A bunch of goons close in on a government official for doing his duty rightly in the middle of the small town the film is set in. The government official (Vidharth) has already been beaten black and blue at the goons’ den once. To top it all off, his hands are tied at the back – this, obviously, restricts his movements. The goons, then, throw warnings and flash machetes to show their power. They are almost certain that they can’t be touched in their town.
At this point, we already know that the hero of Kodiveeran, Sasikumar, is going to make an entry to save Vidharth and put a dent in the goons’ plans. But how’s he going to do that? That’s the interesting bit you’ll find here. Sasikumar’s on-screen sister, Sanusha, is ready with her share of praises for her brother. Before the praises come in, though, the dialogue-less scene where she honks at them incessantly is what I liked the most. This scene speaks about the source of her courage – her brother. It’s also a nice masala bit that stayed with me for some time.
However, from that initial vigor, everything goes back to the regular text of Tamil films that are made away from the big city lights of Chennai and Coimbatore.
Just a month and a half ago, Tamil cinema saw the release of Meyaadha Maan in which Vaibhav and Indhuja played siblings. In Meyaadha Maan and Kodiveeran, the male protagonists look after their younger siblings – Indhuja and Sanusha respectively – like how a parent would. Their affection for each other comes from the place of dependence and trust. Plus, the lack of parents at their homes draws them closer.
The “sister sentiment” in Kodiveeran is taken a step higher as even the villain – played by Pasupathy – has a sister (Poorna). While Sasikumar and Sanusha stand for truth and honesty, Pasupathy and Poorna stand for greed. Vidharth, too, has a sister (Mahima Nambiar) who, by nature, of her mere presence, fits the bill of the romantic interest of the hero. All these men and women flow in and out of the movie quite easily. Yet, the way their characters are designed isn’t something new.
Mahima Nambiar gets a fun song in which she dances with Sasikumar because she’s the female lead, and, in the few scenes Sanusha gets that doesn’t involve Sasikumar, she’s seen talking about the greatness of her brother. This kind of heavy-duty hero-worship makes the other characters feel cartoonish.
Probably Vidharth is the only actor who doesn’t get to mouth punch dialogues. He appears in ironed clothes, and his short lines do their job perfectly well.
But when it comes to the other characters, especially the interactions between Pasupathy’s Villangam and Sasikumar’s Kodiveeran – about the good and the bad of the society, and who’s more powerful – the lines run without punctuations. They just go on and on. I really wonder if this is what happens in small towns (or is it just writer-director Muthaiya’s penchant for such stories and themes that make him come up with such long sentences?).

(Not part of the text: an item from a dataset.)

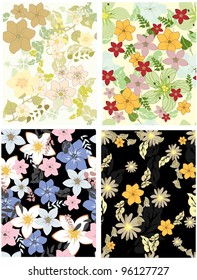 Seamless vector floral pattern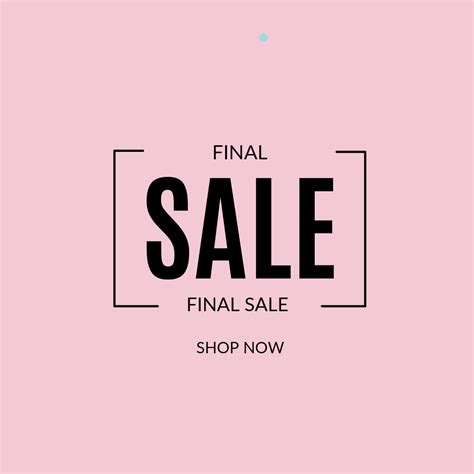 FINAL SALE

Sasikumar is becoming synonymous with action dramas set in small towns. By now, he must have at least killed 100 men on-screen with his sharp knives and machetes. And the amount of dialogues that praise his skills in these kinds of movies come with a red flag – are they necessary all the time?
The punch dialogues went hand-in-hand with the visuals in his last year’s release Kidaari, where he played a thug under the thumb of Vela Ramamoorthy. In Kodiveeran, that flavor of hanging on to the rough end of an action spectacle is missing.
The best scenes featuring Pasupathy have no dialogues at all. Look at his eyes when he extends his hand to ask for Poorna’s “thaali” – with a tear drop – when she refuses to part with it after her husband’s demise. That’s what Pasupathy is capable of.
Muthaiya’s Kodiveeran hasn’t given me any extra cheer of having watched a gripping drama, nor has it left me asking for water to calm my nerves.